Yaratılıştaki düzene, âyetlere bakmak tavsiye edilirken, bundaki amaç Tevhid inancının benimsenmesi, şirkin reddedilmesi, âhiret inancının kökleşmesi idi.

Mekkî âyetlerde bunun yanında değişmez ahlâki değerlerden söz edildi. İyi davranışlar emredilirken, kötü davranışlar yasaklandı.

İyiliğin karşılığı iyilik,

iyilik kötülükle bir değildir, kötülüğün bile en iyi şekilde savuşturulması gerekir.,

suç ferdidir gibi temel prensipler.

Cimrilik, israf, nankörlük, mala düşkünlük, kusur aramak, laf götürüp getiren, iyililiği engellemek gibi fiiller, kaba ve haşin kimseler, gaddar ve zalimler, çocuklarına kıyanlar kınandı.

Adam öldürme, haksızlık, baskı, zulüm, insanların mallarını haksızca ellerinden almak, gurur, kibir, çekiştirme, alay etme gibi kötülüklerden söz edildi ve yasaklandı.

Mekke döneminde bazı davranışlar övüldü: İnanç uğruna sebat, sabır, temizlik, namaz, iffet, doğruluk, ebeveyne iyi davranmak, akrabaya ilgi, adalet, iyilik yapma, hakkı tavsiye gibi.

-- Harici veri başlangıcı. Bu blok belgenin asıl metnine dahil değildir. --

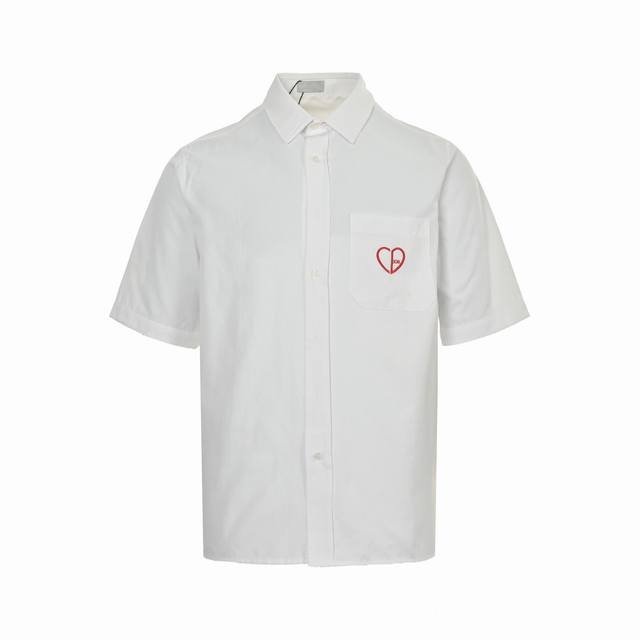Dior 24Ss Valentine's Day limited love embroidered short-sleeved shirt This shir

Namazın ve zekâtın üzerinde duruldu, ibadetlerde ihlas emredildi.

Namusun korunması, emanete riayet, sözde durma, doğruluk, danışarak iş yapma, haksızlığa karşı yardımlaşma, ana baya iyilik, akarabaya yolcuya yardım etmek, muhtaçlara yardım övüldü.

Ana-babaya iyi davranan, isyankâr ve zorba olmayan, alçak gönüllü barış taraftarı olan, yalan yere şahitlik yapmayan, israf ve cimriliğin ortasınında olan,  zinaya yaklaşmayan kimseler de övüldü.

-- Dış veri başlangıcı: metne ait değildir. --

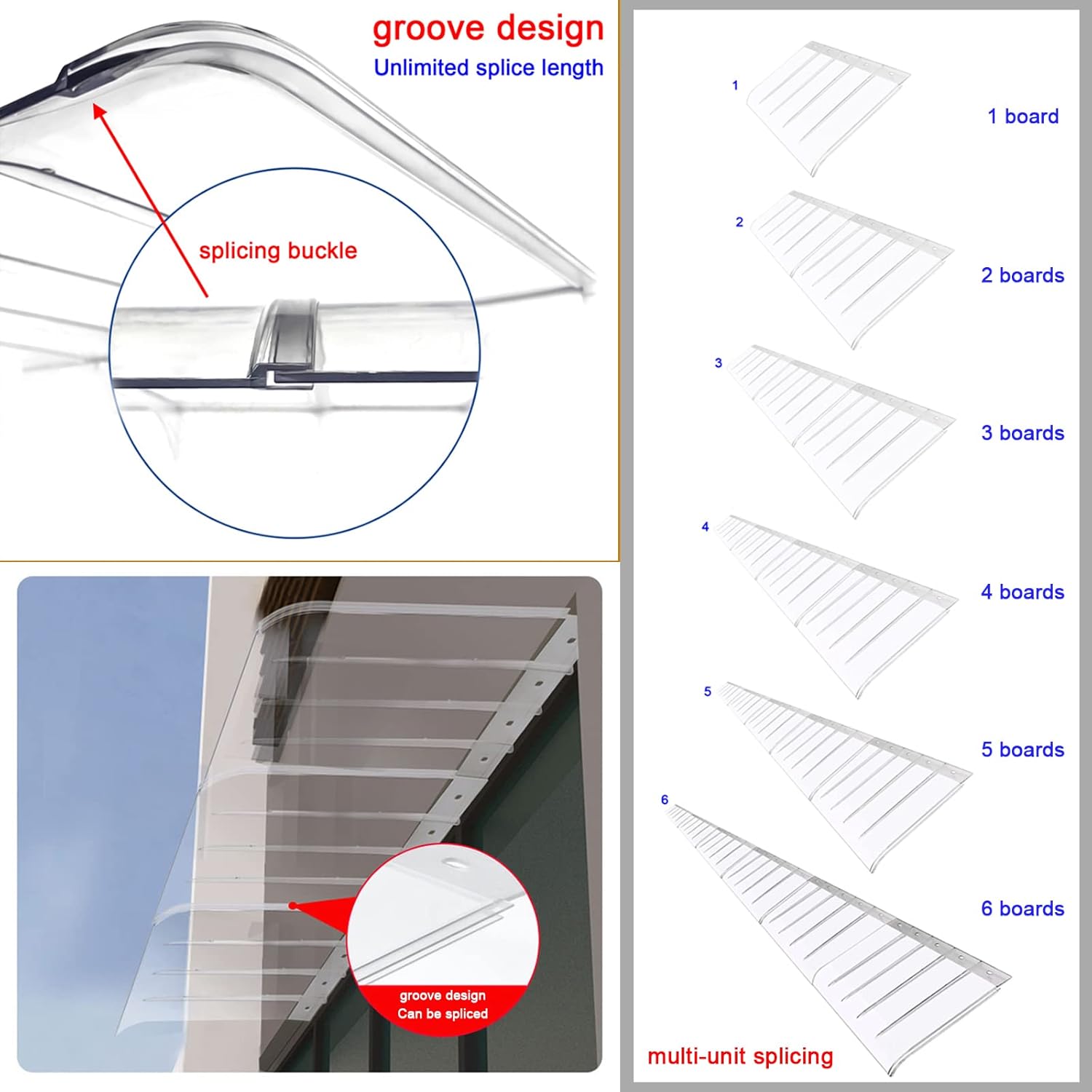 Toldo invisible para ventana, toldo para puerta, puerta delantera al aire libre, cubierta de policarbonato para puerta superior, protección UV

Hz. Peygambere ve müslümanlara baskılara karşı sabır tavsiye edildi.

Peygamber kıssalarından örnekler verildi. Mü’minlerin çektikleri, karşı çıkanların akıbetleri anlatıldı.

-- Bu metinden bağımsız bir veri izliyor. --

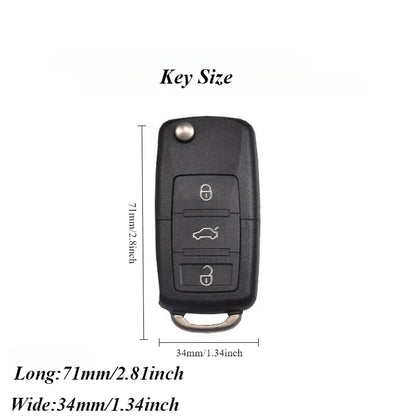Carbon Fiber Matte Folding Car Key Case for VW – Fits Polo, Bora, Tiguan, Passat, Golf 6, Lavida, Scirocco, 3-Button Accessories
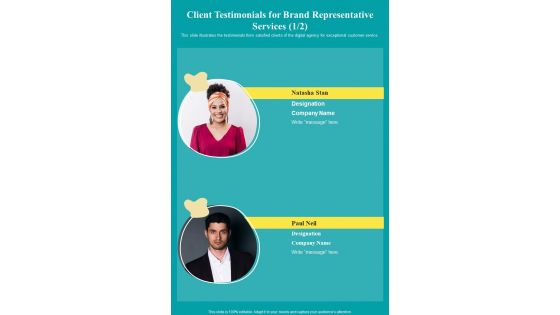 Client Testimonials For Brand Representative Services One Pager Sample Example Document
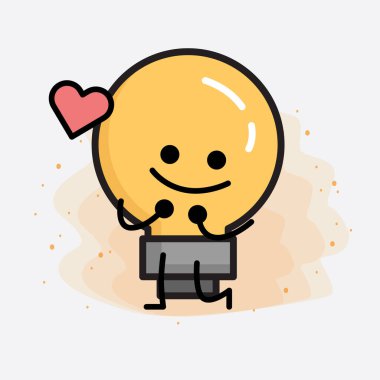 Ampul Sevimli Karakter simgesi Vektör İllüstrasyonu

Peygamberlerin hicretlerinden söz edildi.

Mekke hayatının sonuna doğru gelen âyetler hz. Muhammed’in bir insan olduğu, ama kendisine inen vahye uymakla yükümlü olduğu,

bütün peygamberlerin İslâmı tebliğ ettikleri,

hz. Muhammedin doğru yolda olduğu,

onun bütün insanlara elçi olarak geldiği,

Kur’an’ın Allah’tan gelen ilâhi kelâm olduğu,

insanların da ilâhi rehberliğe muhtaç olduğu vurgulandı.

Bugün dikkatlerden kaçan şura (istişare) o dönemde emredildi.

Bu konulardan bazıları Medine döneminde inen âyetlerde de söz konusu edildi ve desteklendi.

 

 

Not: Derslerde İbrahim Sarıçam’ın Hz. Muhammed ve Evrensel Mesajı adlı kitabı takip edildi. Bu notlar bu kitaptan konu sıralaması takip edilerek, kısaca veya sadece başlık olarak alınmıştır. Kitapta olmayan dersler ve notlar tarafımızdan hazırlanmıştır.